▶ _What you are asked to do_
Would you transcribe the entries below, beginning at the line with "A young boy" and ending after the line with "Bright entryway featuring", exactly, with no picture and nothing more?

Records supplied Block Start

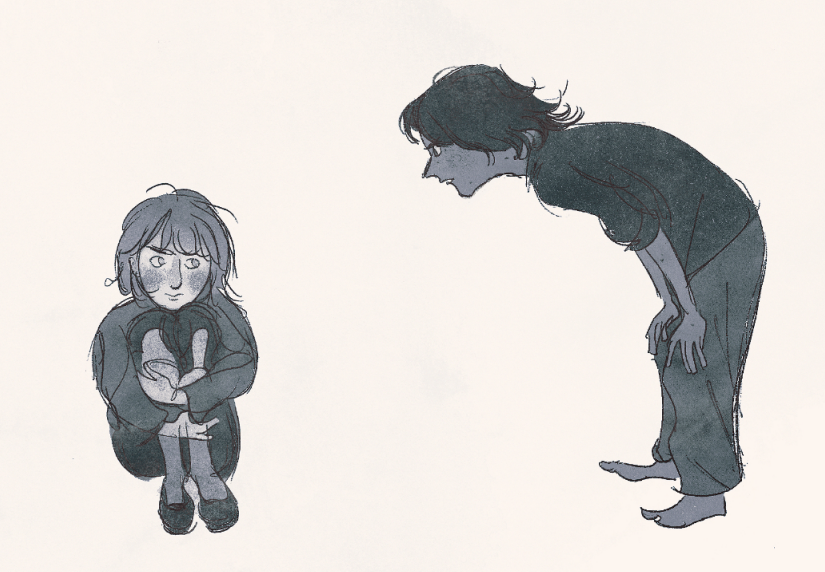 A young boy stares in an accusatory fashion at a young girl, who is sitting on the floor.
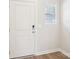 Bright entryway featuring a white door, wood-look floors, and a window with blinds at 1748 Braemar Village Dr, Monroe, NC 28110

Records supplied Block End
Records supplied Block Start

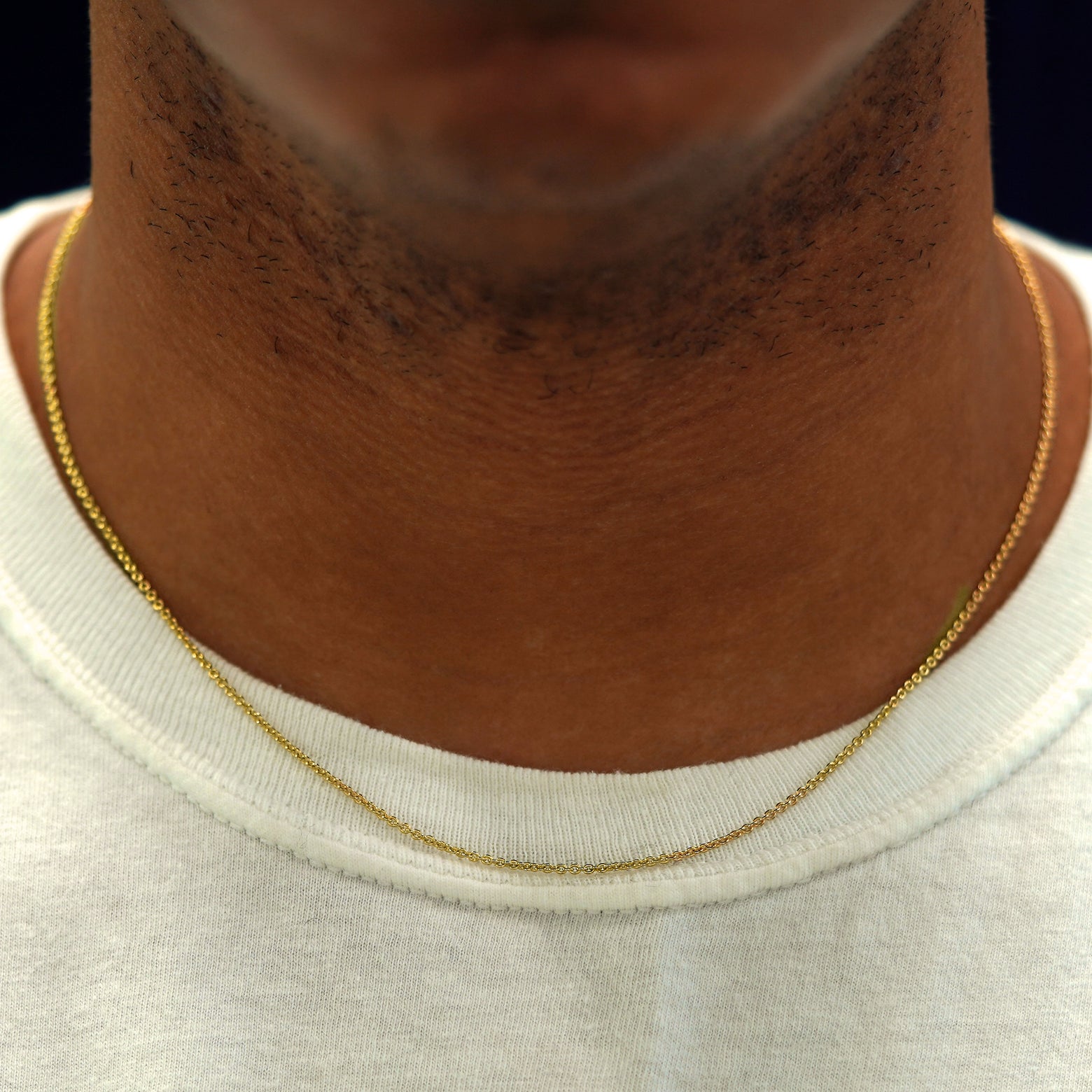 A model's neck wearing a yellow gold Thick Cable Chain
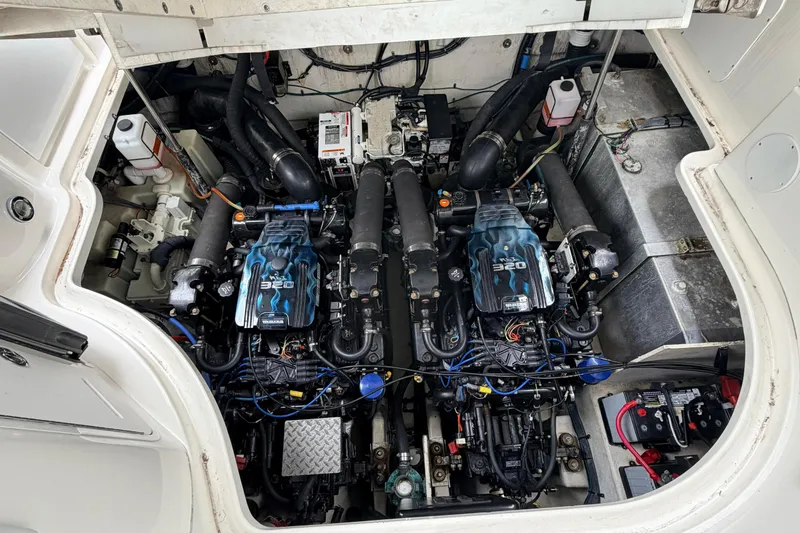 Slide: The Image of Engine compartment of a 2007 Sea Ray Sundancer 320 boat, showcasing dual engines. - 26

Records supplied Block End

▶ _Expected output_
 A young boy stares in an accusatory fashion at a young girl, who is sitting on the floor.
 Bright entryway featuring a white door, wood-look floors, and a window with blinds at 1748 Braemar Village Dr, Monroe, NC 28110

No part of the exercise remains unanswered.